中国・安徽省績渓県出身の清の乾隆時代に活躍した墨匠です。
汪近聖と同じ時代に活躍した墨匠として汪節庵、胡開文、曹素功がおり、合わせて清代製墨の「四大家」と呼ばれています。
汪近聖は明墨とは異なった味わいを持った作品を製作しており、当時の文人たちから高い評価を得ていた事で知られています。
汪近聖の出身地である中国・安徽省は良質の水・松・膠・漆が採取でき、墨を作るためには適した条件が揃っていました。
そのため古くから墨作りが盛んに行われており、ここで作られた墨は高い品質であった事から、他の墨と区別するために「徽墨(きぼく)」と呼び分けがされていました。

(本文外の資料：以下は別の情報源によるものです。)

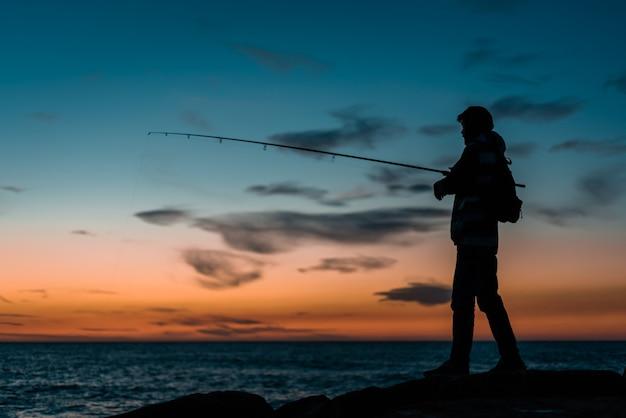 Free photo silhouette of person fishing in sea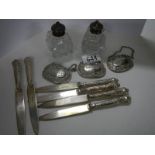 Four silver handles knives, 3 silver plate spirit labels and a pair of salt & pepper pots.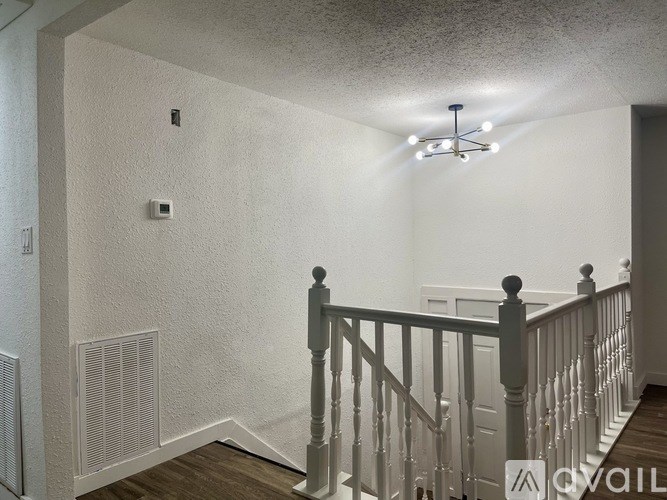A white room with a staircase and a light fixture.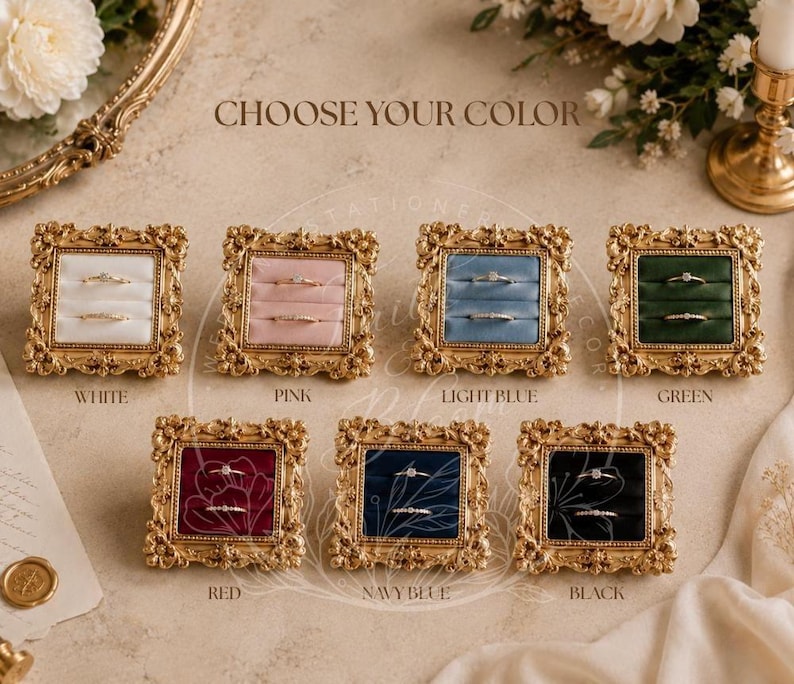 May include: Seven square ring boxes with ornate gold frames and velvet inserts in white, pink, light blue, green, red, navy blue, and black. Each box features two horizontal slots for rings and the text CHOOSE YOUR COLOR at the top.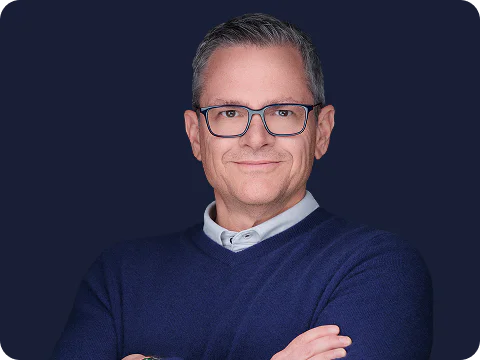 A man with glasses wearing a blue sweater, confidently folding his arms, standing against a dark blue background.
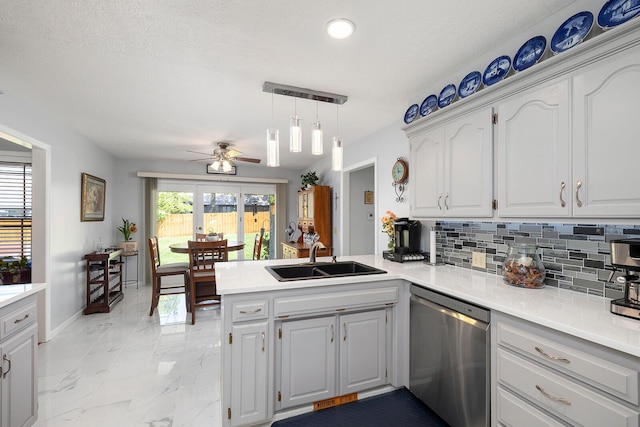 715 W Wasson St, Nixa, MO 65714 - kitchen with stainless steel dishwasher, a peninsula, light marble finish floors, decorative backsplash, and ceiling fan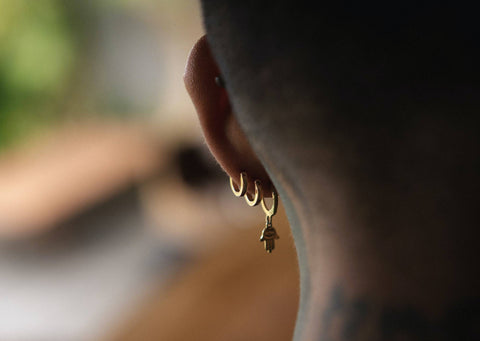 View of the side/back of someones head where you can see their ear piercings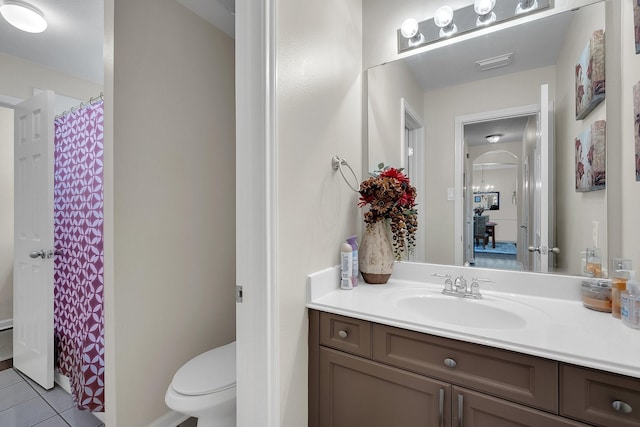 bathroom with visible vents, toilet, vanity, a shower with curtain, and tile patterned floors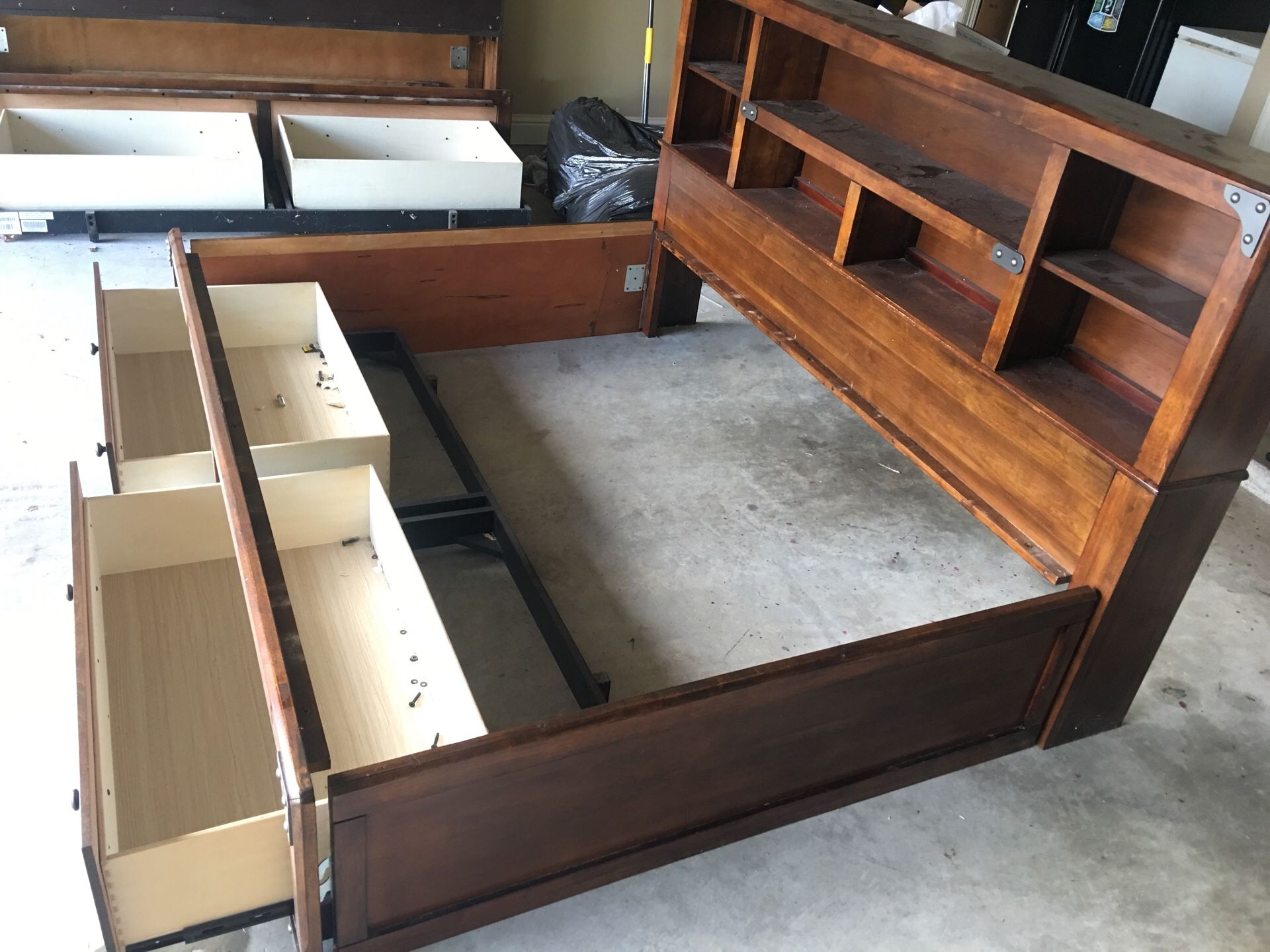 Full bed with storage drawers underneath and headboard shelves fits a full size mattress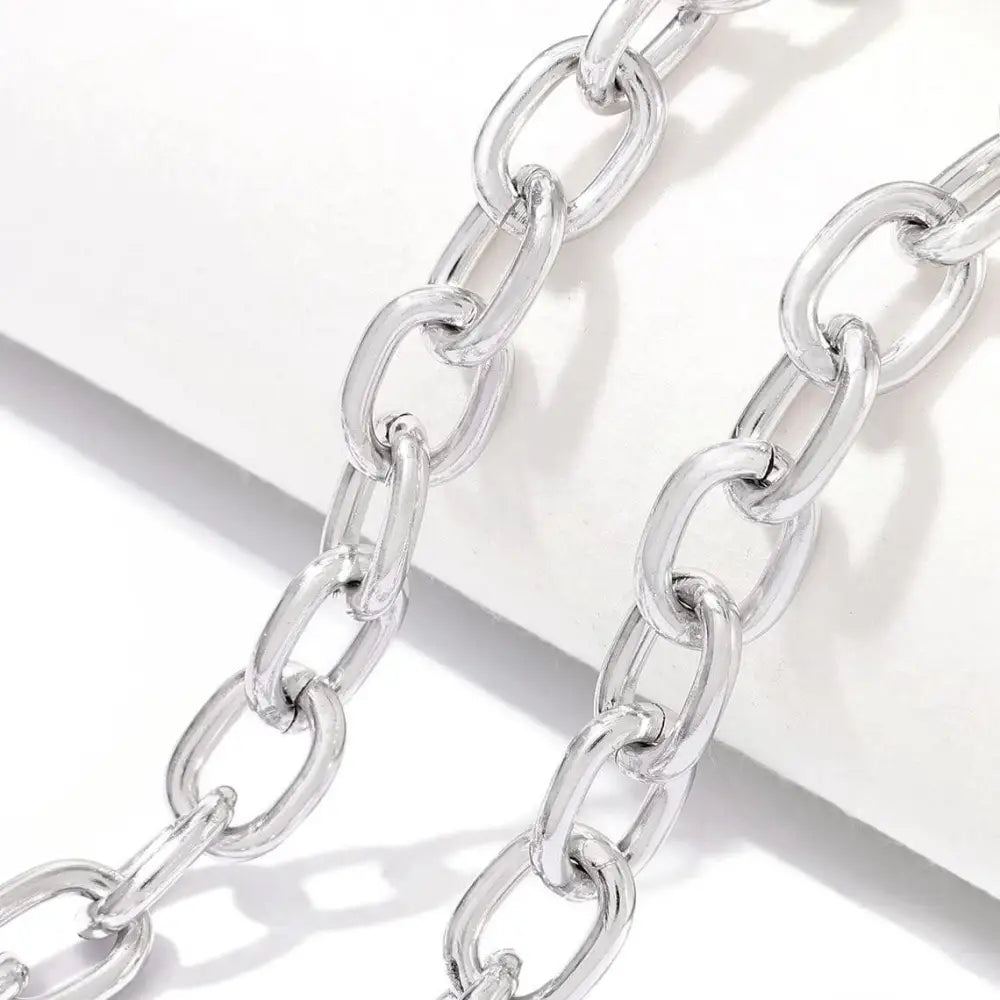 Silver metal chain links for a stylish chain belt in body jewelry with rhinestone accents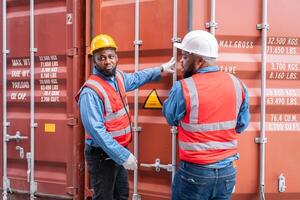 portrait de deux africain ingénieur ou contremaître porte ppe vérification récipient espace de rangement avec cargaison récipient Contexte à le coucher du soleil. logistique global importer ou exportation livraison industriel concept. photo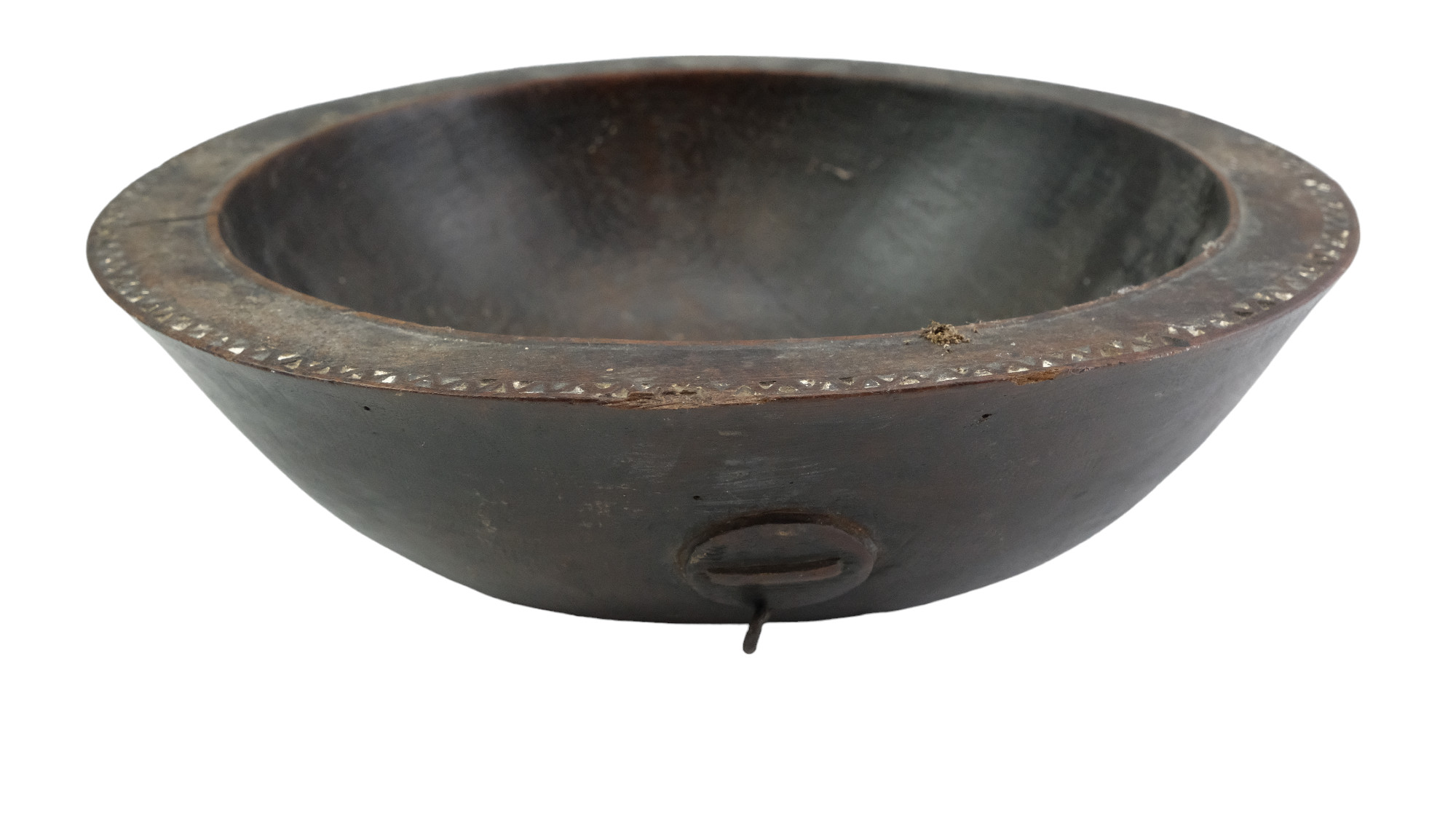 An antique African carved hardwood bowl, its planar rim having an inner cockbead and outer chip-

その後、徽墨は上海墨廠にその生産が統合されてしまいましたが、1978年に行った改革開放政策によって個人経営の墨廠(ぼくしょう)に分かれていき、胡開文や曹素功といったブランドが誕生しました。
こうして汪近聖は曹素功の藝粟斎で製墨を学び、徽州府城内で独立して鑑古斎と称すようになります。
その後、乾隆帝の命を受けた汪近聖は高齢であった事から、次男である汪惟高(兆瑞)を北京に上らせ、3年間の御墨製作にあたらせました。
これは乾隆帝の文墨趣味の一環として製作された精巧な墨で「乾隆御墨」と呼ばれています。